What you need to do.
Tell how many lines of the data include the word "down". Nothing but the number belongs in the answer.

----

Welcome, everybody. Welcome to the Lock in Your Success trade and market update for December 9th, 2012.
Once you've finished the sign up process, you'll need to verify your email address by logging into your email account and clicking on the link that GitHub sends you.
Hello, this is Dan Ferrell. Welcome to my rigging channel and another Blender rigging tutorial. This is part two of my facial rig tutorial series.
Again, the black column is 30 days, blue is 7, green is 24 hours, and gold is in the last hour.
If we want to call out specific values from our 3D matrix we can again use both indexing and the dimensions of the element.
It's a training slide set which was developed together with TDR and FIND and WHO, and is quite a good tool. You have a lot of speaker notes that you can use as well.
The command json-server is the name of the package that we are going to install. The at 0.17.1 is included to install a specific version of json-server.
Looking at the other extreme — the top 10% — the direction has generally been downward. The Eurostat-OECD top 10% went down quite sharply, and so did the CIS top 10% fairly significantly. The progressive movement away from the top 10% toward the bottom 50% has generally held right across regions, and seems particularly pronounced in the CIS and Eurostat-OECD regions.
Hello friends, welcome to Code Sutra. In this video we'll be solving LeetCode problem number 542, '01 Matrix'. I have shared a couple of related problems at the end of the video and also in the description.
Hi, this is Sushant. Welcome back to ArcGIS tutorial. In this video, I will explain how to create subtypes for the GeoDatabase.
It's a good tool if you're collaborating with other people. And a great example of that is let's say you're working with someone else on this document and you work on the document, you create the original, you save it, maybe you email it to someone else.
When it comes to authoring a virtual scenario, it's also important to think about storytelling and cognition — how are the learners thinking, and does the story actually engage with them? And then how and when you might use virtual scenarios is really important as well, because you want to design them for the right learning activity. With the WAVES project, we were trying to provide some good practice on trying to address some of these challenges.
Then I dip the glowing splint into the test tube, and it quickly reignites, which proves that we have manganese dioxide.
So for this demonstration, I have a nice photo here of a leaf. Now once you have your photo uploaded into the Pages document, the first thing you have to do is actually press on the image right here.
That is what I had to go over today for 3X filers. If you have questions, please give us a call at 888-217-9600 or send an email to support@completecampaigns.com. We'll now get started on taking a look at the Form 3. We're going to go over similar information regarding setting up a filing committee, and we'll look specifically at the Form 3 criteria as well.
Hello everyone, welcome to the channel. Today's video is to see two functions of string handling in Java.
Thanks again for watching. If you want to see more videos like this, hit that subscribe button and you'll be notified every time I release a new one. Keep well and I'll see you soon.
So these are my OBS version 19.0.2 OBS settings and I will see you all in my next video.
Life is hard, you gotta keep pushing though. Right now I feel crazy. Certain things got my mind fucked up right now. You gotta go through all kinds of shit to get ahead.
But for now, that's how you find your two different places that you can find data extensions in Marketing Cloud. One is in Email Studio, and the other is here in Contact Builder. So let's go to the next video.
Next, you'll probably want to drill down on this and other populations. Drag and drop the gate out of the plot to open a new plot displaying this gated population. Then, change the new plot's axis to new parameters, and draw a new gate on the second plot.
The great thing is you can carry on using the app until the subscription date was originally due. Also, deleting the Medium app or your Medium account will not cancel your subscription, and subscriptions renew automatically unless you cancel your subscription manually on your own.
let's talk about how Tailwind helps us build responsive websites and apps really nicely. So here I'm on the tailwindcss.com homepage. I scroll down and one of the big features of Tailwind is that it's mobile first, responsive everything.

----

Task output.
3